US govt and “Cartel” traders clash over case materials in Forex manipulation suit

Maria Nikolova

Former “Cartel” traders call case materials volume staggering: 1,400 hours of untranscribed audio recordings; 375,000 chats, emails, and attachments; and trading data from several banks comprising several tens of millions of transactions.

One of the most widely followed FX manipulation cases – that brought by the US government against Richard Usher, Rohan Ramchandani, and Christopher Ashton of the so-called “Cartel” or “Mafia”, has seen the plaintiffs and the defendants disagree over the so-called “bill of particulars”. The “bill of particulars” is a typical means to get information about a claim or defense. It represents a list of written questions from one party to another asking for details (particulars) about a claim or defense.

Earlier this month, the defendants sent a letter for such a bill of particulars, asking for a “a list of the trades, bids, and offers (and corresponding communications, e.g., call or chatroom passage on that day) that the government intends to rely upon at trial.”

The response from the US government was a bit stark. It argued that the law forbids Defendants from using a bill of particulars to “get a preview of the Government’s trial evidence or legal theories”. Instead, the government has committed to provide an early trial exhibit list, which will also specify the particular instances of alleged collusive trading and means of communication. The government has committed to providing this 60 to 90 days prior to trial.

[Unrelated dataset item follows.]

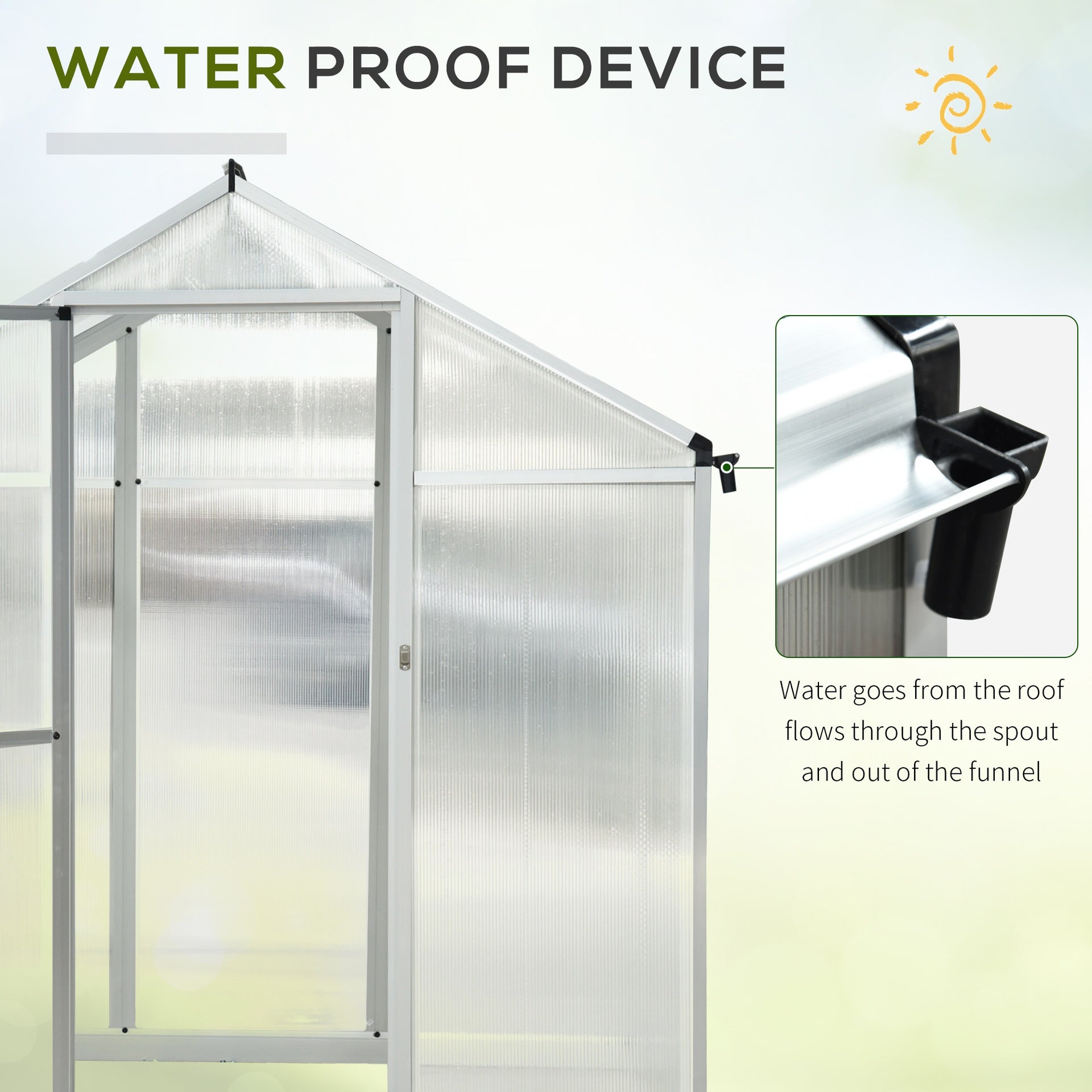 Outsunny 10' L x 6' W Walk-In Polycarbonate Greenhouse with Roof Vent for Ventilation & Rain Gutter for Winter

The defendants did not agree with the government’s proposal and today addressed the New York Southern District Court, asking it to intervene.

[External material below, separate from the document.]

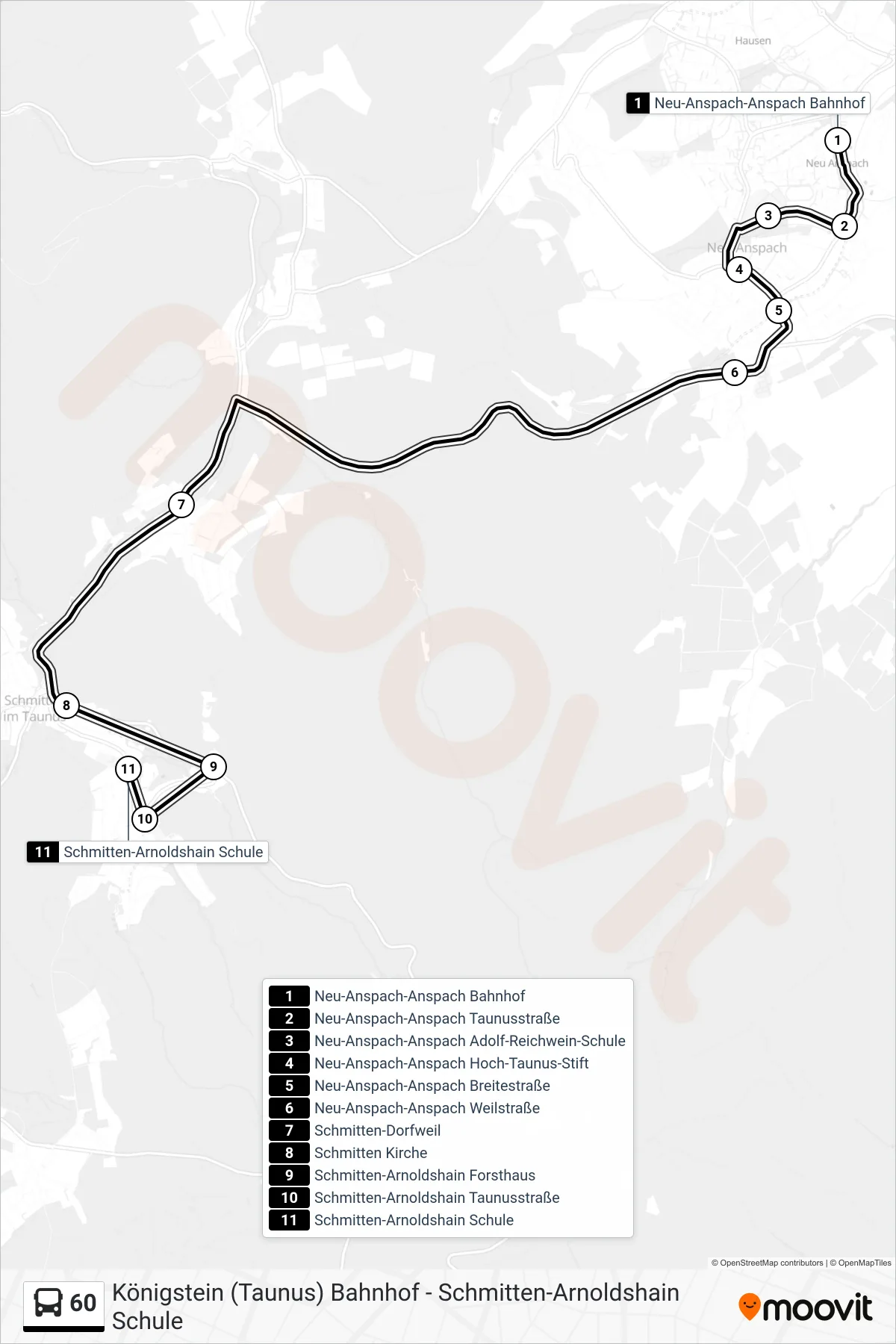 60 bus Line (Schmitten-Arnoldshain Schule) route and stops on a map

“Our interest is simply to obtain the requested particulars as soon as possible, given the enormity of data in this case and the trial date”, the defendants argue in their letter, seen by FinanceFeeds.

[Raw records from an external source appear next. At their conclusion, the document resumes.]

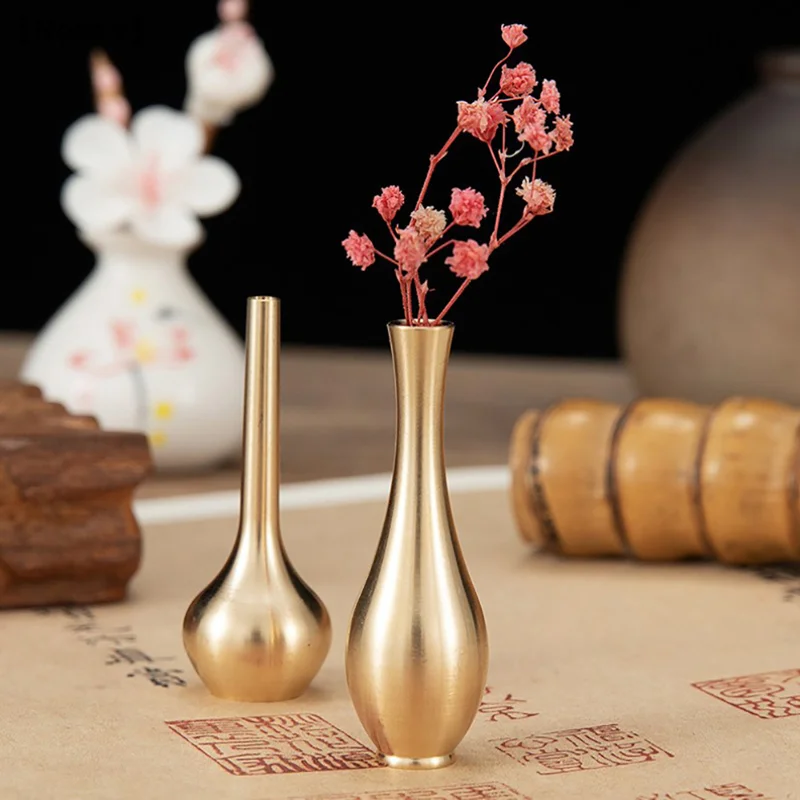 Mini florero de cobre puro con decoración dorada para sala de estar, florero antiguo, florero único para flores〔Nest〕
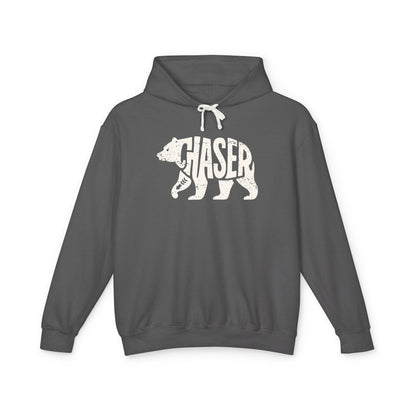 BEAR CHASER Lightweight Hoodie - Bone Silhouette Design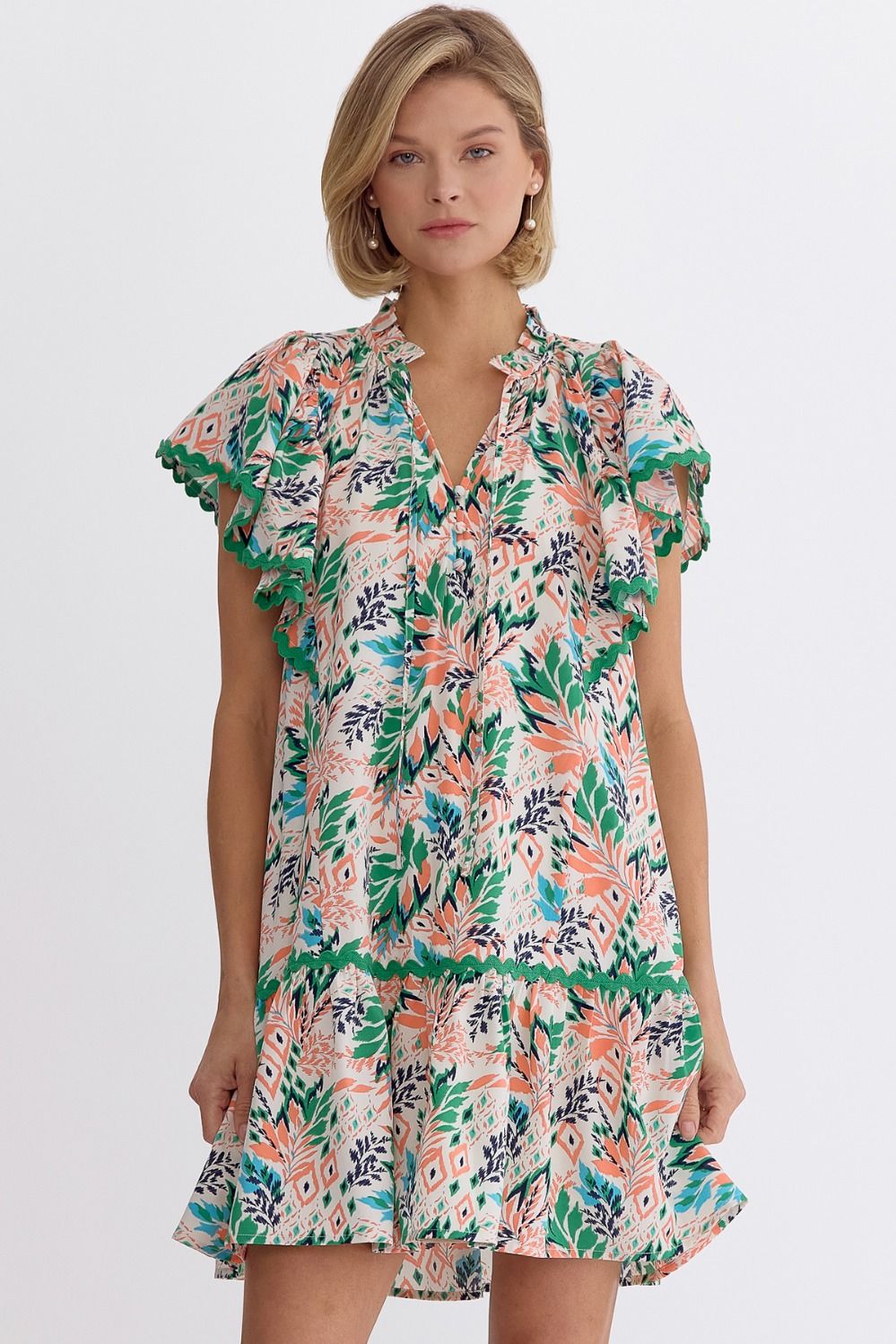 Breezy Blooms: Entro Leaf Print V-Neck Mini Dress With Rick Rack Trimming And Playful Ruffles-Short Dresses-Entro-Deja Nu Boutique, Women's Fashion Boutique in Lampasas, Texas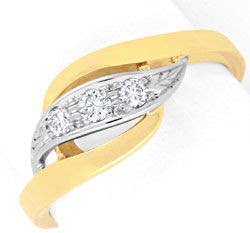 Foto 1, BRILLANTRING 3 DIAMANTEN, GELBGOLD WEISSGOLD, SHOP NEU!, S6878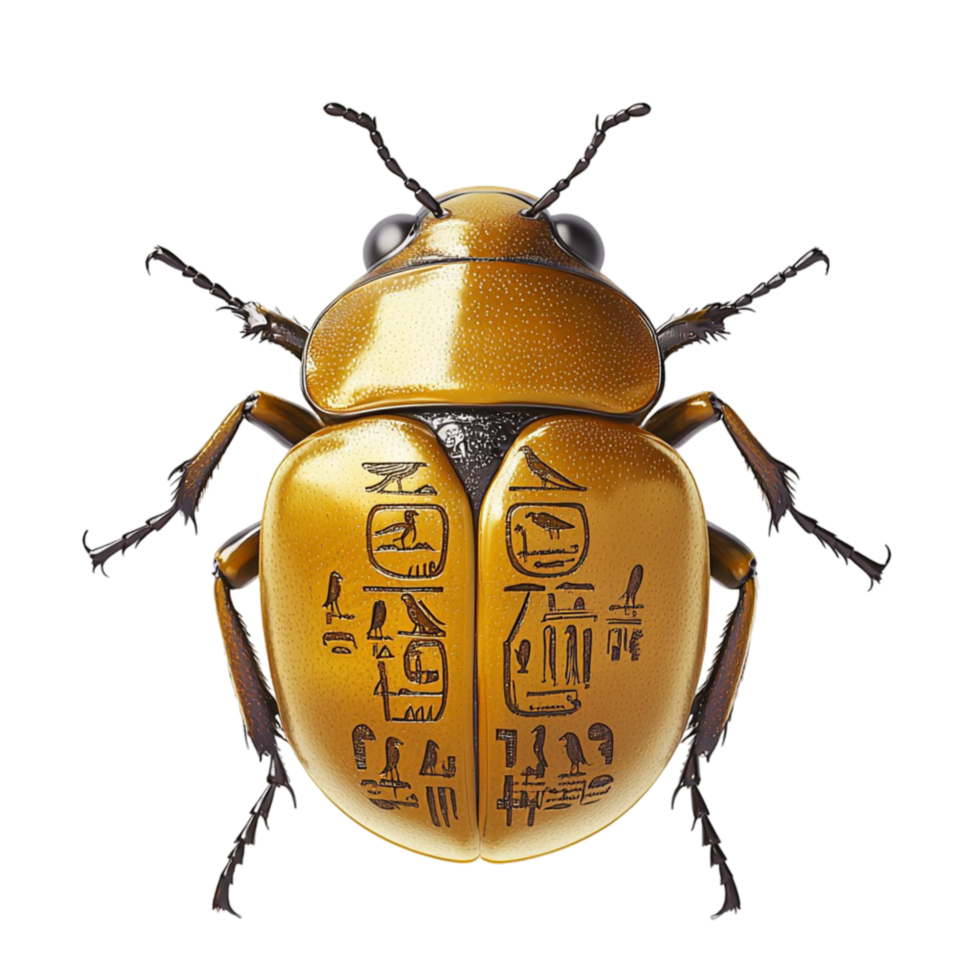 Shiny golden scarab beetle with ancient engravings symbolizes Egyptian mythology and power png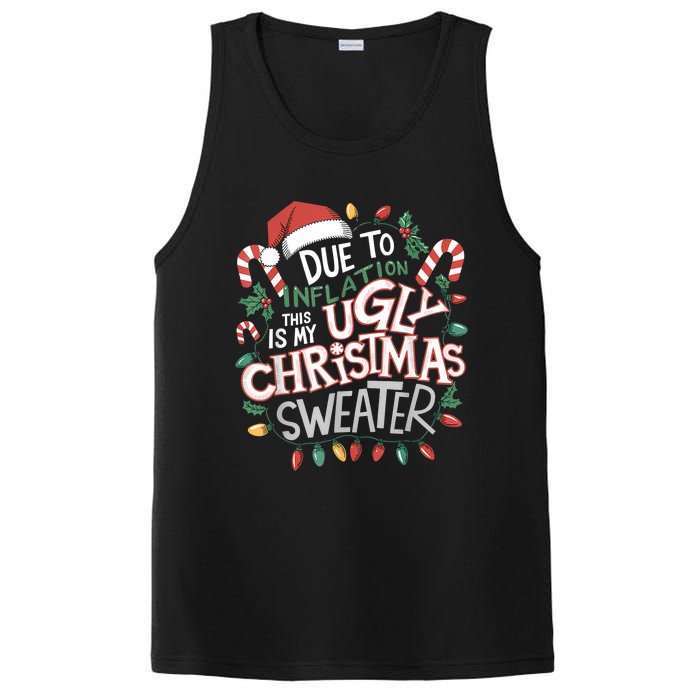 Due To Inflation Ugly Christmas Sweaters For Women Funny PosiCharge Competitor Tank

The discovery produced thus far (with more to come) is seen as staggering in scope: 1,400 hours of untranscribed audio recordings; 375,000 chats, emails, and attachments; and trading data from several banks comprising many millions (and likely several tens of millions) of transactions.

The defendants also stress that the indictment fails to identify even a single allegedly criminal transaction. This way, according to the ex-traders, they are forced “to labor in mystery as to which trades – from a mass of literally millions – are allegedly criminal, until its production of trial exhibits 60 to 90 days before trial”.

In response to the letters from the plaintiffs and the defendants, the Court has ordered the parties to meet and confer on September 6, 2017.

The indictment from January this year charges Richard Usher (former Head of G11 FX Trading-UK at an affiliate of The Royal Bank of Scotland plc, as well as former Managing Director at an affiliate of JPMorgan Chase & Co.), Rohan Ramchandani (former Managing Director and head of G10 FX spot trading at an affiliate of Citicorp) and Christopher Ashton (former Head of Spot FX at an affiliate of Barclays PLC) with conspiring to fix prices and rig bids for US Dollars and Euros in the FX spot market.

The ex-traders are alleged to have conspired through telephone calls and electronic messages, including conversations in a private electronic chat room. The anticompetitive behavior includes colluding around the time of certain benchmark rates known as fixes, such as coordinating their orders and trading to manipulate the price of the currency pair by the time of the fix.

On July 17, 2017, the trio entered “not guilty” pleas.

The case is captioned USA v. Usher et al (1:17-cr-00019).